The California Carnival Company midway featured 26 rides, three more than last year, and while favorites returned, such as 65-foot Century Wheel and the Mach II Mega Slide, which Tate designed using two 100-foot slides with six lanes, new for the fair was a KMG Tango and the Pharaoh's Fury.
"We are only one of four Tangos in the country," said Tate. "We put in a hell of a carnival for a county fair, with a lot of one of a kind rides."
He added, that the 65-foot Century Wheel is "probably our best money maker for a season."
The local economy Tate pointed out, has been doing better, and he mentioned that while a fire last year caused severe destruction, "the insurance money has come in, and the rebuilding has increased employment, so people were spending at the fair."
Giannini agreed that the local economy has improved. "Yes. sponsorship was up and so was our Junior Livestock Auction," she said.
Many fairs in California have cut back on budgets, and the Calaveras County Fair & Jumping Frog Jubilee did cut back on marketing a few years ago, also eliminating nationally known entertainment acts.
"But they do a good job with what they have in terms of entertainment. What they offer does attract people," said Tate. "They are not booking big name bands, but the country band they did book has a following and the demolition derby attracts people. They do a good job on a very limited budget."
The entertainment at the Calaveras County Fair & Jumping Frog Jubilee included up and coming country band, Little Texas, the Destruction Derby and the 3rd annual California Cowboys Professional Rodeo Association (CCPRA).

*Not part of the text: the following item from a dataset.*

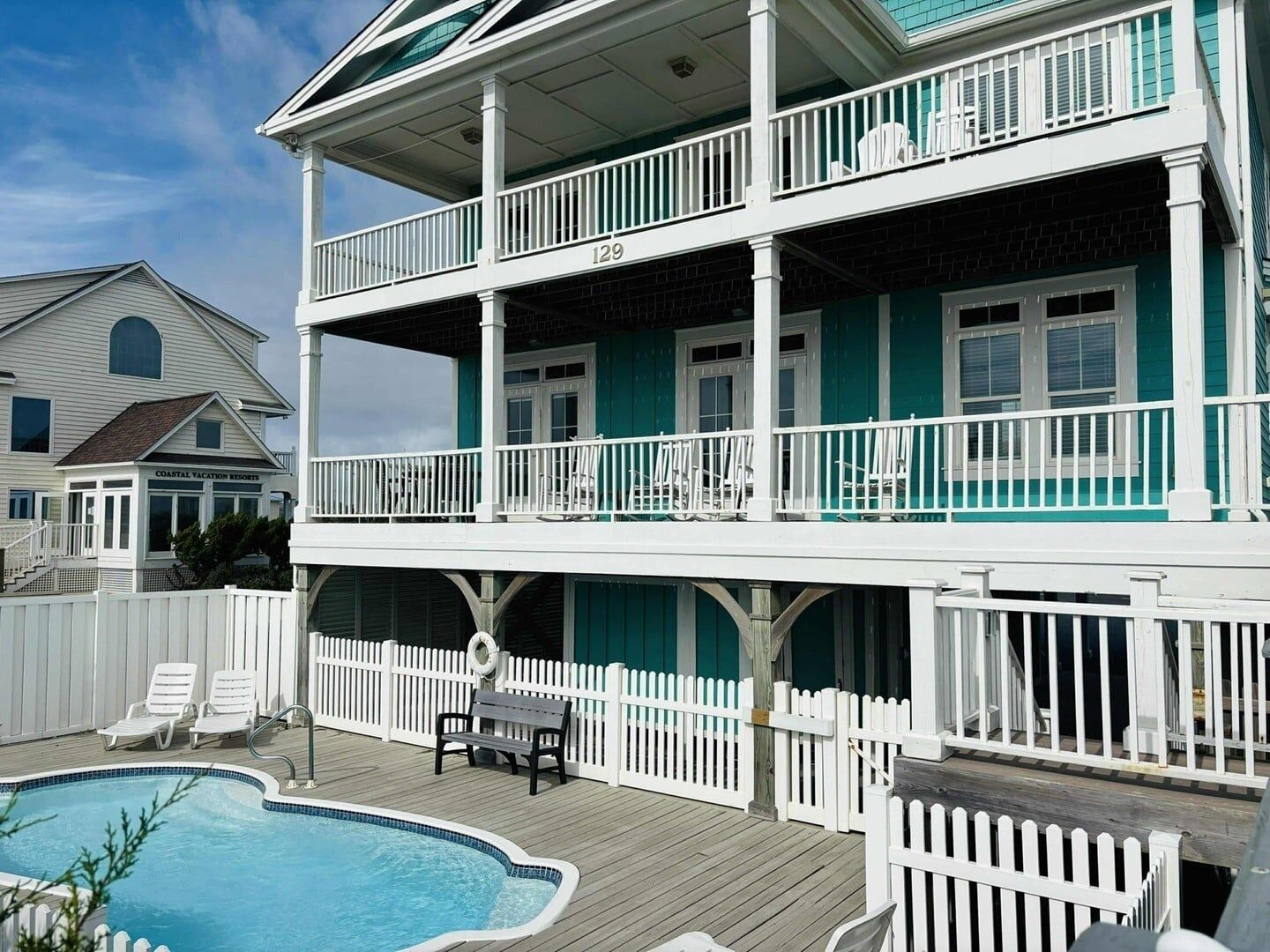 A two-story building with a balcony, a pool, and a white picket fence.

"The rodeo is popular and has a following and we were glad to have it return," said Giannini. "We also honored our veterans at the Rodeo, so it was a great event."
She added that the CCPRA rodeo was held on a cold weather day and attendance for the event, "was down."

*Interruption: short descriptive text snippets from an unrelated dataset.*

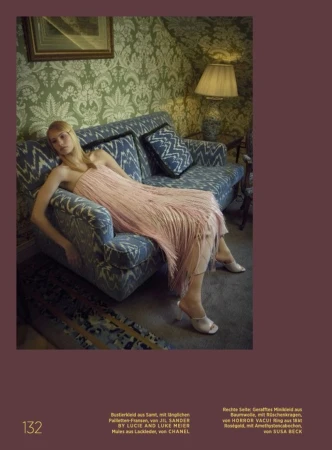 An adult female lies on a patterned couch in a fashionable pink dress with fringe. The room has patterned wallpaper and a lamp.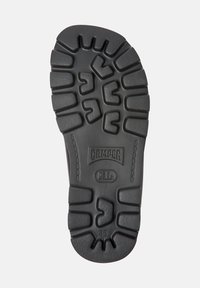 Semelle de chaussure en caoutchouc noir présentant un motif de texture, logo "CAMPER" et empreinte de taille "38". Conçue pour l'adhérence et la durabilité.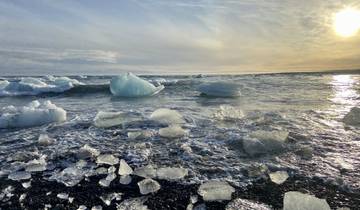 Icebergs floating in a serene glacial lagoon.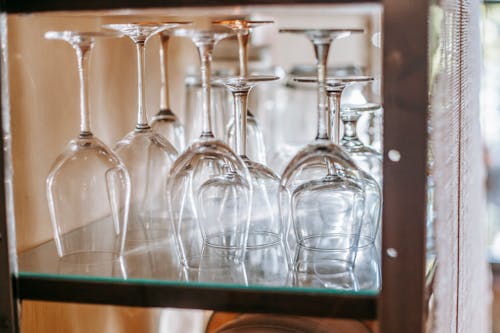 Many wineglasses placed upside down on glass shelf in cupboard in light modern restaurant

The California Carnival Company plays county fairs, a market the company only reentered again in 2016, as well as festivals and other events. So far, Tate said this year will be one of he company's best ever. "We are up 15, nearly 16 percent."
While the economy may be a little better, he said that the more effective factor have been a customer-service corporate culture he insists on for his midway. "We are a good operation, a world class midway, because of how we insist on customer service at all points. We do a complete background test and drug testing, we are very structured, it's military style. Our workers say please and thank you. We are constantly preaching customer service. Before we open at an event, we walk the entire grounds and make sure we can point out where the restrooms are, first aid, all the different areas of the fair, so we can give that information to the customer when asked."
He added, "I do my job very diligently, timing the ride cycles, speeding them up and slowing them down, because part of the fun is not just riding the ride, but the anticipation of getting on that ride."